A cada nova cidade, a cada ato ou manifestação que se sucede na caravana de Lula pelo Nordeste do Brasil florescem histórias e cenas das mais comoventes. Há muito sentido pedindo passagem, expressão da avalanche de contrastes entre a vida de ontem, que semeava futuro, e a vida de hoje, esmagada pelo passado.

Há atos grandes em praças da matriz, onde se reúne a tropa saudosa do bom combate, há “piquetes” de gente das beiras que vai à pista fazer um aceno ao “peão” e guardar num selfie ou num suspiro existencial aquele instante insólito.

Lula não faz por menos e gasta o gogó com suas metáforas arrebatadoras. De peão pra peão, fala de soberania nacional, do difícil jogo com o mercado, da inadiável tarefa de regular e democratizar os meios de comunicação.

Na comunidade de Brasília Teimosa, Recife, talvez um dos maiores símbolos de resistência popular frente aos avassaladores interesses do capital, Lula cruza pela Rua da Esperança para um dedo de prosa com os membros da Associação de Pescadores.

Depois de décadas de luta, dormindo em palafitas e prestando serviços mal remunerados aos endinheirados de Boa Viagem, aquela gente conseguiu nos governos do PT (gestões de João Paulo no Recife e de Lula e Dilma) não apenas o reconhecimento de suas propriedades, mas também a urbanização do bairro que agora garante ao peão a mesma vista do patrão.

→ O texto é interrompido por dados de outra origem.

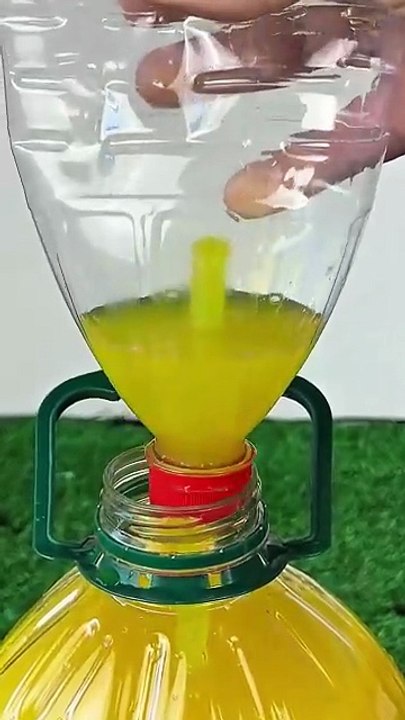 Uma técnica incrível para puxar líquidos de seu automóvel 🚗👏💡 #diy #carros #ideias #solucoes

Entre os povoados do Cariri, alguns há seis anos sem chuva, um prefeito indignado vaticina: “se com Lula o peão virou patrão, com o Temer o patrão tá virando peão”. Mas mesmo os patrões que ainda resistem, mesmo aqueles que não vão lá muito com a cara do PT, acabam tendo que reconhecer que as políticas petistas foram fundamentais para impulsionar os seus negócios e que por isso torcem timidamente por Lula em 2018.

Já em Morada Nova, no Ceará, o vaqueiro Araújo, 74 anos, enquanto faz poesia falando de seu gibão de couro (“que não tem peso, não tem calor, pois tem alegria e recordações”), não deixa dúvida de que a permanência daquele povo em condições tão difíceis só é possível de ser entendida por razões existenciais: fora dali o valor do sertanejo não é visto. E como bem disse o jornalista Fernando Brito em artigo certeiro (leia aqui), a esperança que essa gente deposita em Lula é em essência a esperança de poder existir.

De fato, a imensa maioria que habita aqueles meandros do sertão nordestino (região de semiárido ainda com a maior população no mundo) sabe que Lula encarna a fugidia possibilidade de serem percebidos como cidadãos, de serem vistos, de terem ao menos parte de seu turbilhão de escassez mitigado por um dos seus, um peão que rasgou os céus, mas que segue peão.

Lula é a réstia de esperança para um mundo de gente que insiste no impressionante Vale do Seridó ou nas terras trincadas do Cariri, que esvazia a missa de domingo para alcançar a caravana, que estudou nos novos campi das universidades e dos institutos federais, e que agora vê seus sonhos e sua existência bloqueados pelo golpe dos patrões.